Clinical and genetic analysis in Chinese families with synpolydactyly, and cellular localization of HOXD13 with different length of polyalanine tract

Abstract

Synpolydactyly (SPD) is caused by mutations in the transcription factor gene HOXD13. Such mutations include polyalanine expansion (PAE), but further study is required for the phenotypic spectrum characteristics of HOXD13 PAE. We investigated four unrelated Chinese families with significant limb malformations. Three PAEs were found in the HOXD13 polyalanine coding region: c.172_192dup (p.Ala58_Ala64dup) in Family 1, c.169_192dup (p.Ala57_Ala64dup) in Family 2, and c.183_210dup (p.Ala62_Ala70dup) in Family 3 and Family 4. Interestingly, we identified a new manifestation of preaxial polydactyly in both hands in a pediatric patient with an expansion of seven alanines, a phenotype not previously noted in SPD patients. Comparing with the wild-type cells and mutant cells with polyalanine contractions (PACs), the HOXD13 protein with a PAE of nine-alanine or more was difficult to enter the nucleus, and easy to form inclusion bodies in the cytoplasm, and with the increase of PAE, the more inclusion bodies were formed. This study not only expanded the phenotypic spectrum of SPD, but also enriched our understanding of its pathogenic mechanisms.

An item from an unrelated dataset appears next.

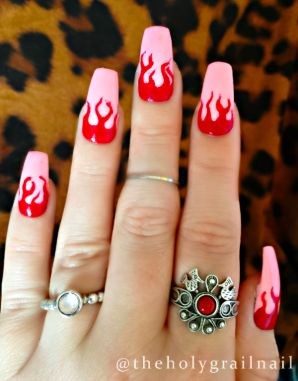 Vacation Manicure, Rockstar Nails, Ladybug Nails, Flame Nails, Red Ombre Nails, Nail Paint Shades, Red And Gold Nails, Fall Nail Art Designs, Studded Nails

Keywords: HOXD13; polyalanine expansion; preaxial polydactyly; synpolydactyly; variant.

FIGURE 1

Pedigrees of four unrelated families with the synpolydactyly. The arrows indicate the proband. The asterisks represent the individuals in the families who provided peripheral blood samples.

FIGURE 2

Clinical manifestation of patients with synpolydactyly. (A) Bilateral preaxial polydactyly of hands and postaxial synpolydactyly of feet found in a pediatric patient. (B) Bilateral or unilateral synpolydactyly in 3/4 fingers of the affected individuals in SPD families. (C) Congenital syndactyly between the 3/4 fingers. (D) There were syndactyly in the proband’s 3/4 fingers. The arrows indicate the patients’ fingers.

FIGURE 3

Polyalanine expansions of HOXD13 identified in the families with synpolydactyly. (A) Expansion of seven-alanine, c.172_192dup (p.Ala58_Ala64dup), in Family 1. (B) Expansion of eight-alanine, c.169_192dup (p.Ala57_Ala64dup), in Family 2. (C) Expansion of nine-alanine, c.183_210dup (p.Ala62_Ala70dup), in Family 3 and Family 4. (D) Take Family 4 as an example, pattern diagram of different codons in HOXD13 polyalanine tract of the normal allele and mutant allele with expansion of nine-alanine. (E) Two bands (182bp and 161bp) were separated on 8% neutral polyacrylamide gel. The result showed that all patients had the duplication.

FIGURE 4

Cellular localization of the fusion protein of GFP-HOXD13 in COS-7 cells. (A) Expression of eight vectors: GFP, pEGFP-C3 vector; WT, the pEGFP-C3 with wild type HOXD13; three HOXD13 poly-Ala mutant plasmids with polyalanine contractions (PACs) (−13A, −11A and -7A); three HOXD13 poly-Ala mutant plasmids with polyalanine expansions (PAEs) (+9A, +14A, and +17A). The wild type and the PAC mutant of HOXD13 did not affect the cellular localization of the fusion protein, but the PAE of HOXD13 caused the aggregation of fusion proteins in the cytoplasm. Moreover, with the increase of PAE, the inclusion body of fusion protein in cytoplasm increased. (B) Schematic structure of HOXD13, the polyalanine tract located in the first exon and the homeobox domain located in the second exon.